A warrant was issued for Leonard’s arrest. As a police officer was patrolling Sol’s apartment complex in search of Leonard, Sol gave the officer a letter that had been written by Leonard and left in the apartment. Leonard’s letter stated in relevant part, “I am sorry for everything. ... As of right now I am in a lot of trouble and as of now I need you and only you so please get me out. All you got to do is tell them people that you gave them the wrong name.”

Several weeks after the incident, Leonard and Sol rekindled their relationship.
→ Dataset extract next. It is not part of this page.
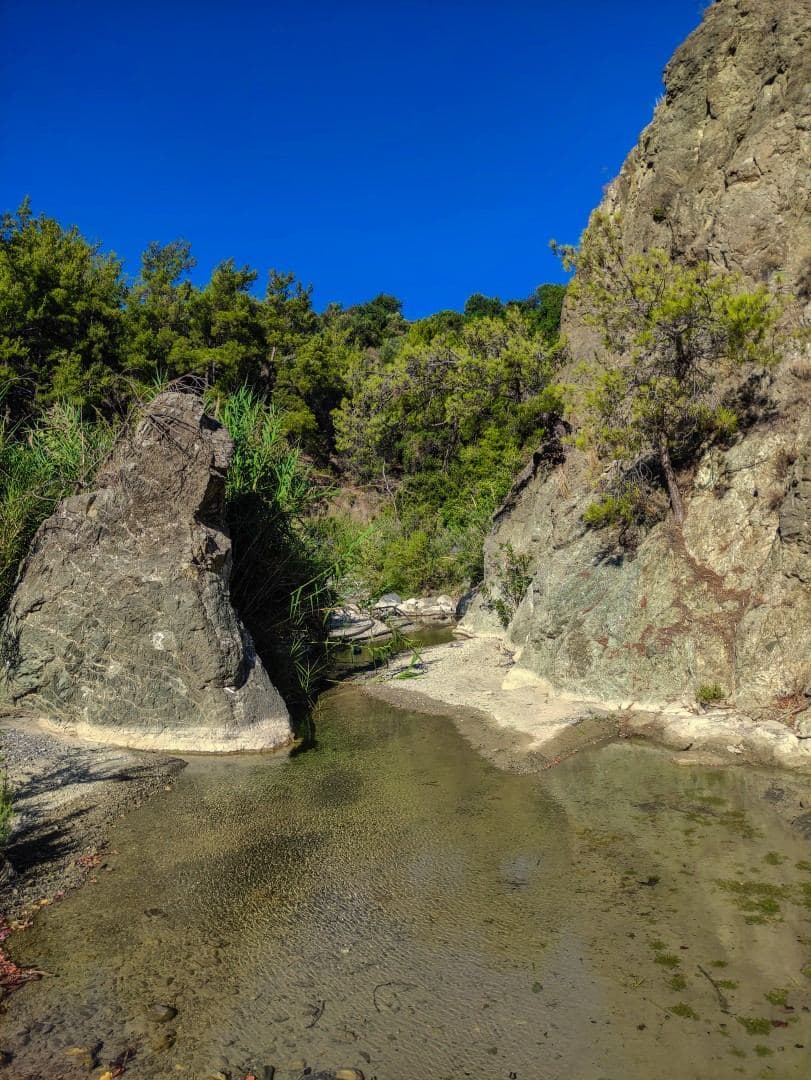Lower Mythi Gorge 3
They discussed the case several times, and Sol accompanied Leonard when he met with his attorney. At trial, Sol testified that Leonard had not hit her with the metal pipe as alleged in the indictment, and denied telling the police officer and EMTs to the contrary. Leonard also testified that he had not hit Sol with a metal pipe, admitting only that he had slapped her with his hand during the physical altercation.

Leonard contends there was insufficient evidence that he struck Sol with a metal pipe. His argument discounts evidence of Sol’s prior inconsistent statement in which she told police and two EMTs that Leonard struck her with a metal pipe. A prior inconsistent statement of a witness who testifies at trial is admissible as substantive evidence. Andrews v. State, 275 Ga. App. 426, 429 (1) (620 SE2d 629) (2005). Thus, the

jury [was] authorized to believe the victim’s pre-trial statement[ ] rather than her in-court disavowal. In this case, a rational trier of fact could have found that the victim recanted her pre-trial outcry statement [ ] based on her self-described status as [Leonard’s] current [fiancée],... or even out of fear of retaliation from [him].
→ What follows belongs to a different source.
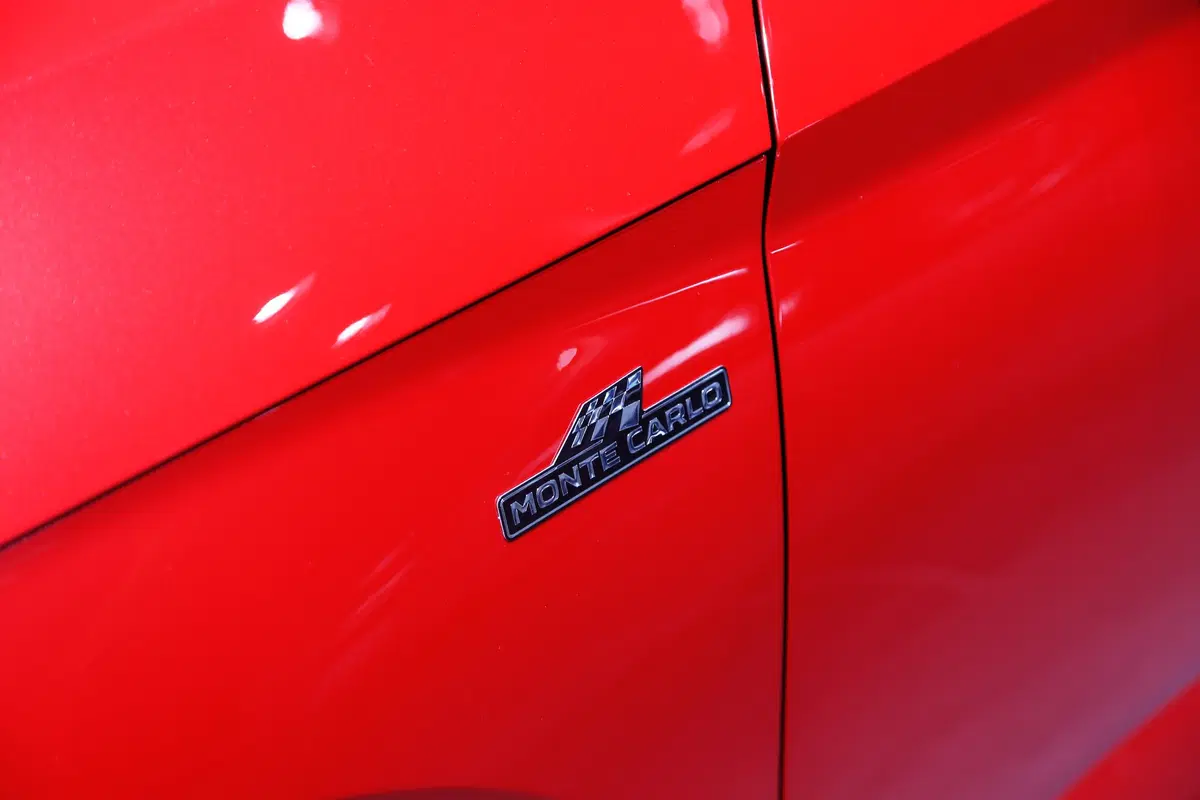 Skoda Scala Monte Carlo al Salone di Francoforte 2019 (7)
(Citation and punctuation omitted.) Id. Whether Sol made a prior inconsistent statement and whether to believe such statement were for the jury’s determination. Construing the evidence in the light most favorable to the verdict, any rational trier of fact could have found beyond a reasonable doubt that Leonard struck Sol with a *194 metal pipe and was guilty of aggravated assault. Jackson v. Virginia, 443 U. S. 307 (99 SC 2781, 61 LE2d 560) (1979).

2. Leonard next contends that his trial counsel provided ineffective assistance.
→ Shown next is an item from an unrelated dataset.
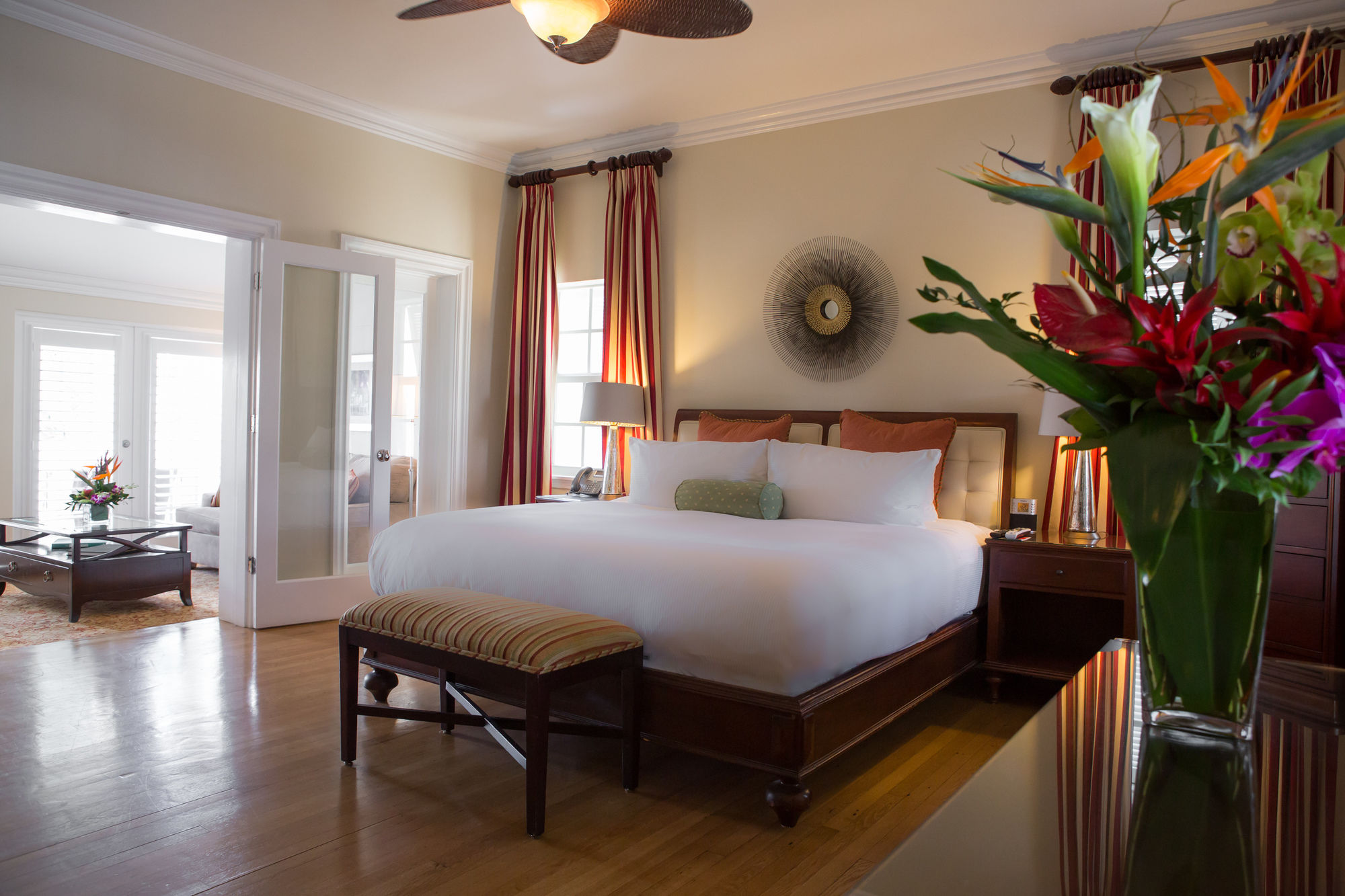 The Pillars Hotel Fort Lauderdale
To prevail on a claim of ineffective assistance of counsel, it must be shown both that counsel’s performance was deficient and that but for this deficiency the outcome of the trial would have been different. Strickland v. Washington, 466 U. S. 668 (104 SC 2052, 80 LE2d 674) (1984). Failure to satisfy either prong of the Strickland standard is fatal to an ineffective assistance claim. In addition, a strong presumption exists that trial counsel performed within the wide range of reasonable professional assistance. The trial court’s determination that [Leonard] was afforded effective assistance of counsel will not be reversed on appeal unless it was clearly erroneous.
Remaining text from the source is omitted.